Example: Use Dependency Inversion to extract a domain concept
##
# BAD: methods related to integrations defined in Project.
class Project
has_many :integrations
def find_or_initialize_integrations
# ...
end
def find_or_initialize_integration(name)
# ...
end
def disabled_integrations
# ...
end
def ci_integrations
# ...
end
# many more methods...
end
##
# GOOD: All logic related to Integrations is enclosed inside the `Integrations::`
# bounded context.
module Integrations
class ProjectIntegrations
def initialize(project)
@project = project
end
def all_integrations
@project.integrations # can still leverage caching of AR associations
end
def find_or_initialize(name)
# ...
end
def all_disabled
all_integrations.disabled
end
def all_ci
all_integrations.ci_integration
end
end
end
Real example of similar refactoring.
Design software around use-cases, not entities
Rails, through the power of Active Record, encourages developers to design entity-centric software. Controllers and API endpoints tend to represent CRUD operations for both entities and service objects. New database columns tend to be added to existing entity tables despite referring to different use-cases.
This anti-pattern often manifests itself in one or more of the following:
- Different preconditions checked for different use cases.
- Different permissions checked in the same abstraction (service object, controller, serializer).
- Different side-effects executed in the same abstraction for various implicit use-cases. For example, “if field X changed, do Y”.
Anti-pattern example
We have Groups::UpdateService
which is entity-centric and reused for radically different
use cases:
- Update group description, which requires group admin access.
- Set namespace-level limit for compute quota, like
shared_runners_minutes_limit
which requires instance admin access.
These 2 different use cases support different sets of parameters. It’s not likely or expected that
an instance administrator updates shared_runners_minutes_limit
and also the group description. Similarly, it’s not expected
for a user to change branch protection rules and shared runners settings at the same time.
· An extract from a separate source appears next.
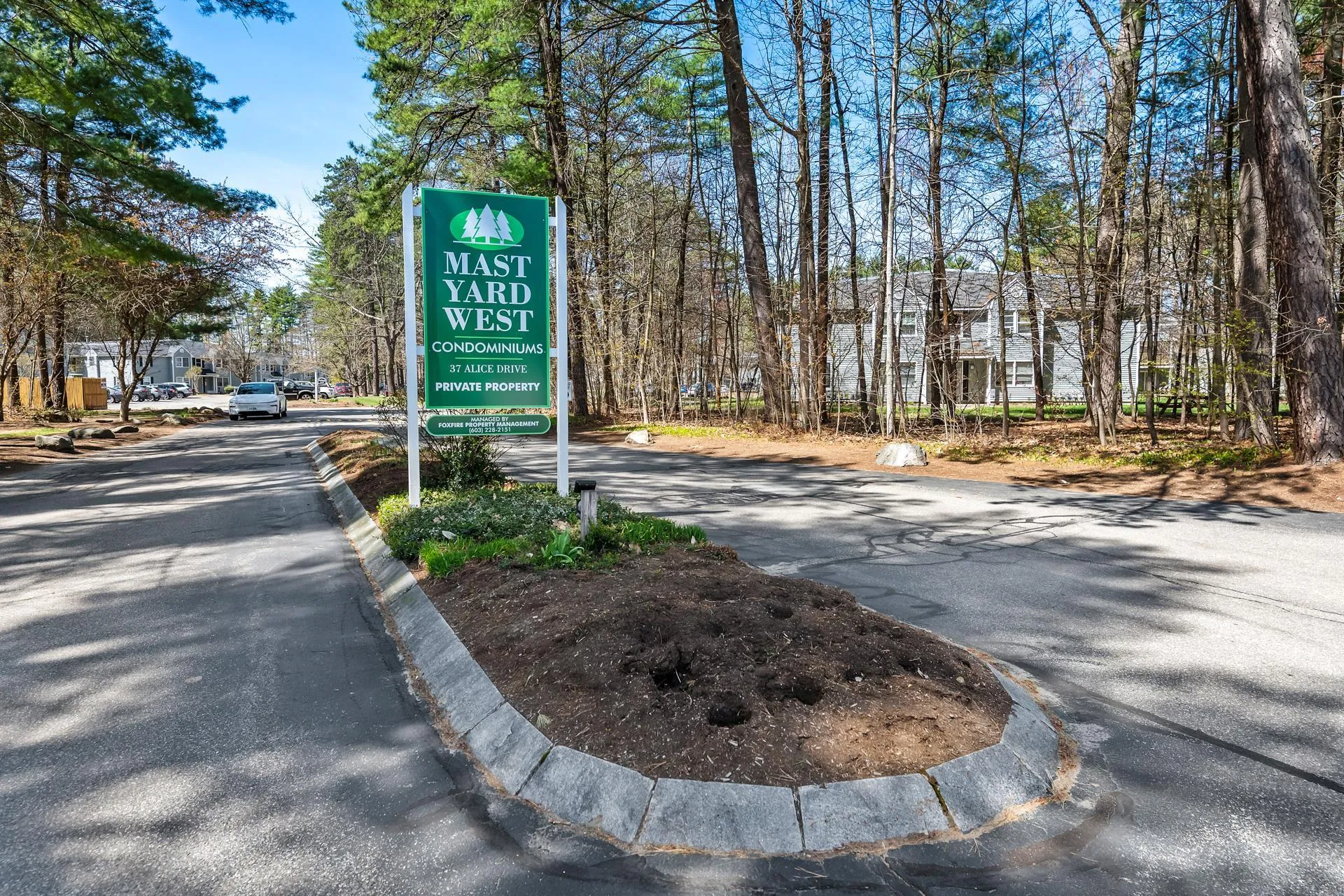 37 Alice Drive Concord NH 03303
These represent different use cases, coming from different domains.
Solution
Design around use cases instead of entities. If the personas, use case and intention is different, create a separate abstraction:
- A different endpoint (controller, GraphQL, or REST) nested to the specific domain of the use case.
- A different service object that embeds the specific permissions and a cohesive set of parameters.
For example,
Groups::UpdateService
for group admins to update generic group settings.Ci::Minutes::UpdateLimitService
would be for instance admins and would have a completely different set of permissions, expectations, parameters, and side-effects.
Ultimately, this requires leveraging the principles in Taming Omniscient classes. We want to achieve loose coupling and high cohesion by avoiding the coupling of unrelated use case logic into a single, less-cohesive class. The result is a more secure system because permissions are consistently applied to the whole action. Similarly we don’t inadvertently expose admin-level data if defined in a separate model or table. We can have a single permission check before reading or writing data that consistently belongs to the same use case.